(slak'er), n.

(slak'er), n.
I'll write this caption later or whatever.

I've been feeling like a slacker. Even doing shorter newsletters over the summer, I've still managed to miss two out of the last three Thursdays. On top of that, up until today, I have not seen the movie Slacker (Dir. Richard Linklater) from 1989. So... I've been slacking. Thanks to a recent bout of insomnia, I've been able to watch some movies in the early morning hours. Today, I finally stopped slacking and watched Slacker and now I'm shrugging off my slacking tendencies by writing about it.

It is by one of my favorite directors, Richard Linklater, and I'm surprised it has taken me this long to give it a watch. He's made other commercial and artsy films you may or may not know. A few of his films are some of my favorites, Before Sunrise comes to mind. Slacker is his first film. This old trailer can catch you up if you haven't seen it before:

Slacker (Dir. Richard Linklater, 1989)

And that's pretty much it for 97 minutes. Though there have been many imitators since it premiered, like The Simpsons episode "22 Short Films About Springfield", at the time it was something new. Onscreen, the director lays out the treatise of the film in the first few minutes (in the trailer above, too).

The director acting.

The resulting film is incredibly watchable. There's a droning on that captivates a viewer. Twenty-somethings move through Austin, Texas, in the late-eighties and we listen in on their conversations, but we never get drawn in or follow the drama and plot of their lives. Each instance, each scene, each character could be its own film, but that isn't the point. We're being shown a vibe, a scene (a social scene, not a film scene). It's like the camera becomes the slacker, taking the easy root by moving on to the next thing instead of engaging with any one thing or getting too attached to a character.

From Roger Ebert's original review –

In a conventional Hollywood movie, as the brain-dead characters repeat the few robotic phrases permitted them by the formulas of the screenplay, they walk down streets and sometimes I yearn to just peel away from them, cut across a lawn, walk through the wall of a house, and enter the spontaneous lives of the people living there. “Slacker” is a movie that grants itself that freedom.

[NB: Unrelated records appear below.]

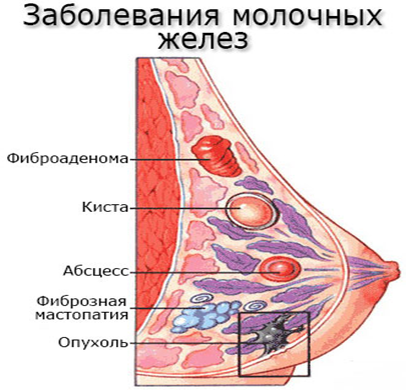 заболевания молочных желез.png заболевания молочных желез.png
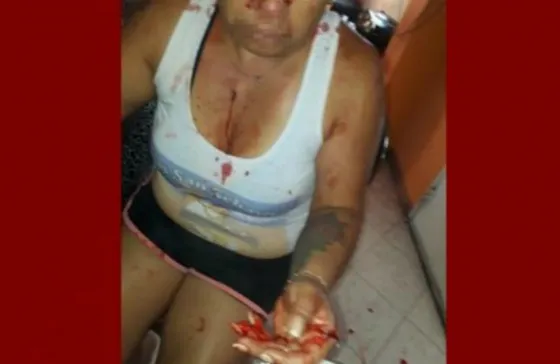 Atacó a cuchillazos a su ex pareja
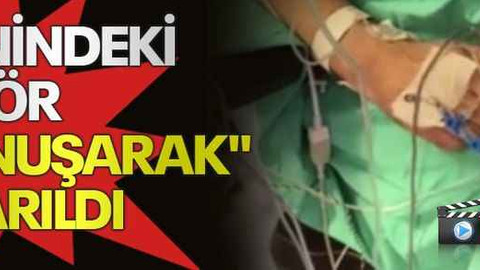 Beynindeki tümör "konuşarak" çıkarıldı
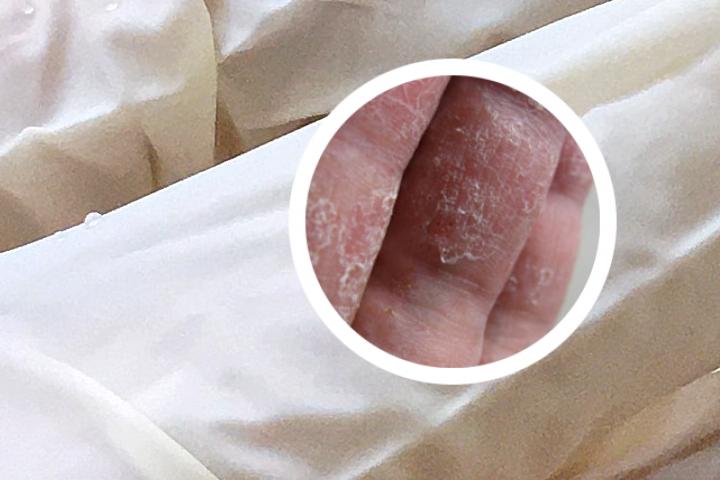 我患有银屑病，该如何进行护理呢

What's striking now is the thought that this film couldn't, or wouldn't, be made today. It meanders. It doesn't tell you what to think or where to look. And there are no smartphones in the film. The characters must search their brains and their environs for what to do, for what to pay attention to, for what to discuss.

It's not a perfect film – we see a boom mic or two, a camera shadow – but something mesmerizing coalesces from just pointing the camera over and over again into different places and letting things unfold before it. It never feels like anyone in the film is truly acting either. It's authentic and refreshing and I'm glad I watched it in 2025, when everything nowadays seems to strive harder and harder to be authentic and "true" while getting further and further from that in the process, take AI Influencers for example.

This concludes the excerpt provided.